Morgane Boudeville, par une voix de mezzo ample et riche assure l'assise de l'ensemble avec des couleurs et des appuis de contralto, qui ne l'empêchent pas de monter vers des aigus d'oiselet. Caroline Michel, la soprano, est également riche en graves, soutenant ainsi un sourire vocal dans les aigus et en particulier les notes tenues à l'envi, droites comme vibrées.
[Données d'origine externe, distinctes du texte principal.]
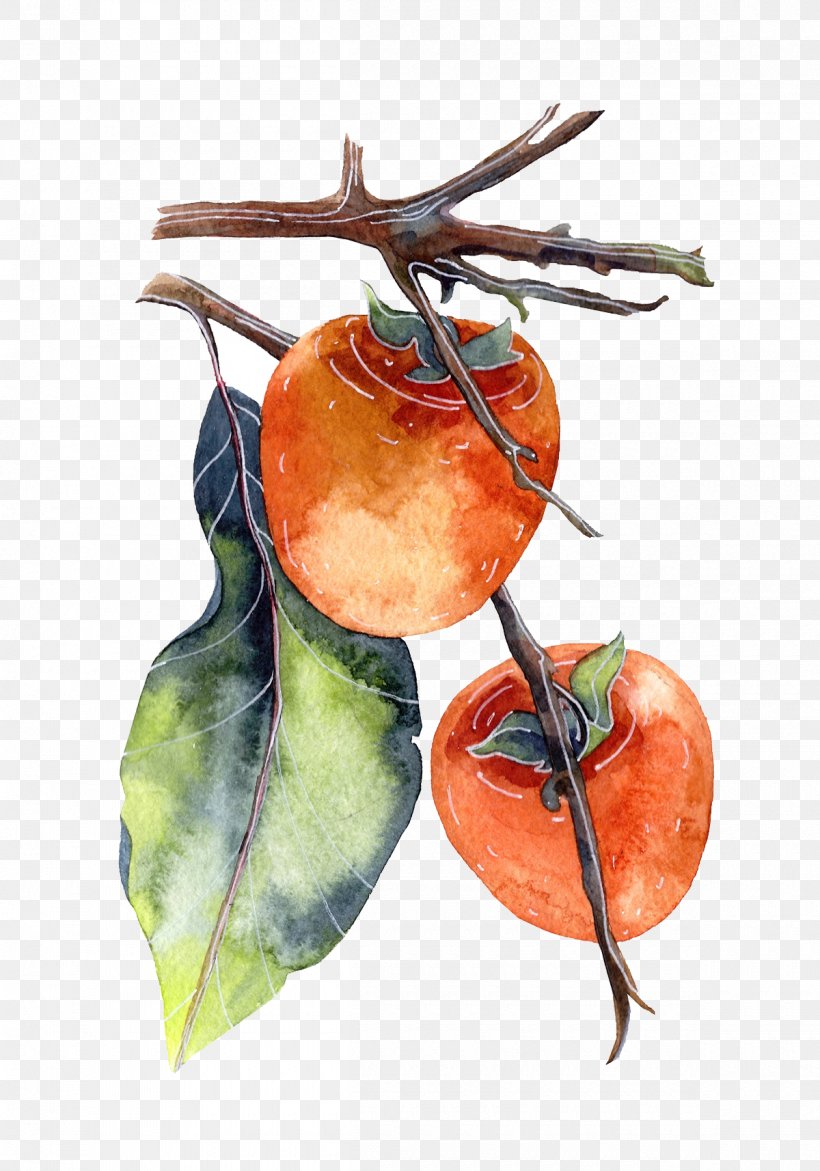 Persimmon Watercolor Painting Poster Illustration, PNG, 1200x1714px, Persimmon, Apple, Art, Autumn, Botanical Illustration Download Free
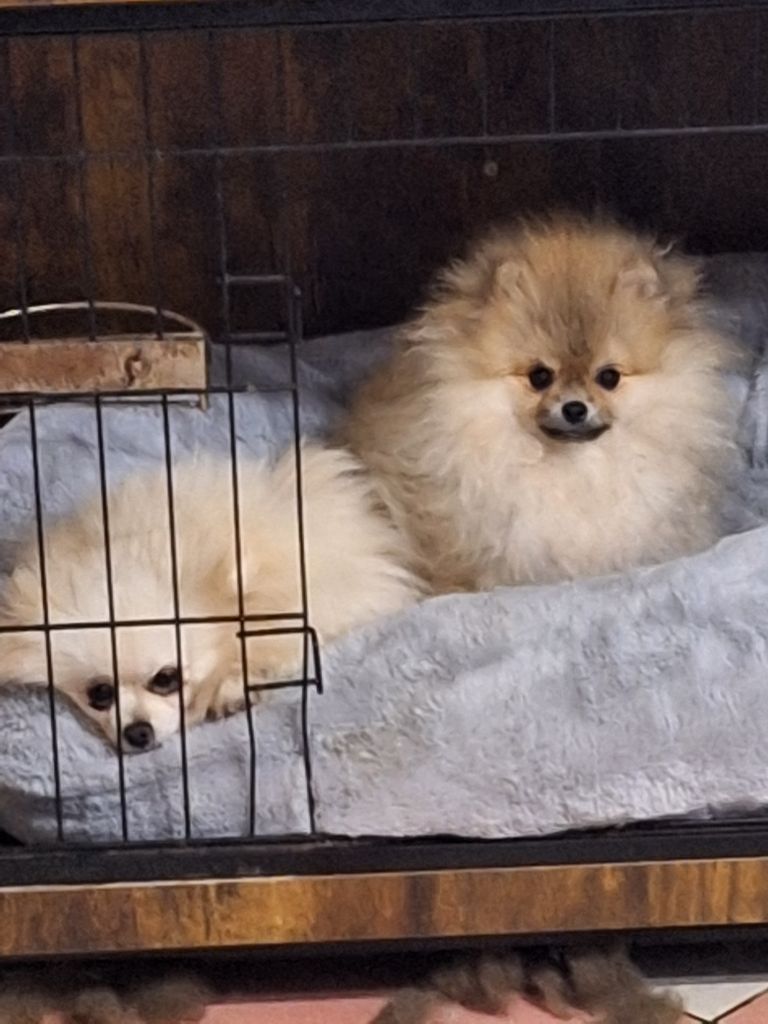of verywhip - Chiots disponibles - Spitz allemand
L'accroche vocale est constante, plaçant des lignes fixes quels que soient les mouvements scéniques et affectifs.
Le ténor est Olivier Merlin, l'enchanteur imitateur de George Michael, dont il déploie la voix à pleine gorge pour réveiller (s'il en était besoin) les foules au fond de cette nuit : Wake me up before you go-go ! Son énergie communicative pour l'ensemble et le public est toujours animée, y compris dans une ligne frétillante jusqu'au risque de s'engorger. Son endurance se manifeste nonobstant, à travers ce programme aux interventions exigeantes, balayant les registres vocaux et le chant parlé.
Pierre Barret-Memy marque par ses accents musicaux comme ses accents dans les différentes langues chantées (un anglais so british). Le baryton, comme sa tessiture l'indique et comme ces arrangements l'y invitent, se fait vocalisant tel une basse (il en a les notes de l'ambitus, tout en douceur) pour poser les accords des chansons mais il se déploie aussi vers un aigu soutenu et éclairci dans de longs solos.
Le public applaudit entre chaque morceau, qu'il savoure, fasciné jusqu'à la dernière goutte : comme le bis de circonstance. Une fois cette nuit écoulée où nul n'aura fermé l'œil ni l'oreille, il est en effet temps de boire un café pour se réveiller. Mais sans en abuser comme dans cette chanson d'Oldelaf ! L'harmonie même effrénée reste pourtant aussi riche et corsée, tandis que le plateau est recouvert de gobelets en plastique : représentant les hectolitres de cafés mais annonçant aussi le verre de l'amitié entre public et artistes ravis.